'''

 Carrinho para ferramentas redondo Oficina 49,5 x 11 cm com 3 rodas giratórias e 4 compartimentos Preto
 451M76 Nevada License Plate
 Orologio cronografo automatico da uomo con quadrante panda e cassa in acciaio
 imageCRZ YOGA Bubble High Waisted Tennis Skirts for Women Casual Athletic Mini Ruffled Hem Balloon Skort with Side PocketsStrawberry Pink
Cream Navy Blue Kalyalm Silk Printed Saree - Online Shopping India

'''
'''

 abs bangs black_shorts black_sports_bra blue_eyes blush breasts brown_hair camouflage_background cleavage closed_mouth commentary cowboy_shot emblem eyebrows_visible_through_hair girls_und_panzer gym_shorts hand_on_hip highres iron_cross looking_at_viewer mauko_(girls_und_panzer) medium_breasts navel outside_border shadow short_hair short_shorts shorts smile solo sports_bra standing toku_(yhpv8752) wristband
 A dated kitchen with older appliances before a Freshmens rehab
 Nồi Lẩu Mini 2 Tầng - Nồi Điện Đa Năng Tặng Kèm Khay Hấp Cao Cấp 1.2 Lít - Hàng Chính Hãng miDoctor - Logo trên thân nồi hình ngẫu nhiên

'''
'''

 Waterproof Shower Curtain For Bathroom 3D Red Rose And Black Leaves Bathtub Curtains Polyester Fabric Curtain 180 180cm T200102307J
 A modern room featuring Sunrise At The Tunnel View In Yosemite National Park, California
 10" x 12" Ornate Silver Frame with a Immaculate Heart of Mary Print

'''

> **WHAT YOU NEED TO DO**
Reproduce every line from the entries that holds the word "with".

> **RESULT BELOW**
 imageCRZ YOGA Bubble High Waisted Tennis Skirts for Women Casual Athletic Mini Ruffled Hem Balloon Skort with Side PocketsStrawberry Pink
 A dated kitchen with older appliances before a Freshmens rehab
 10" x 12" Ornate Silver Frame with a Immaculate Heart of Mary Print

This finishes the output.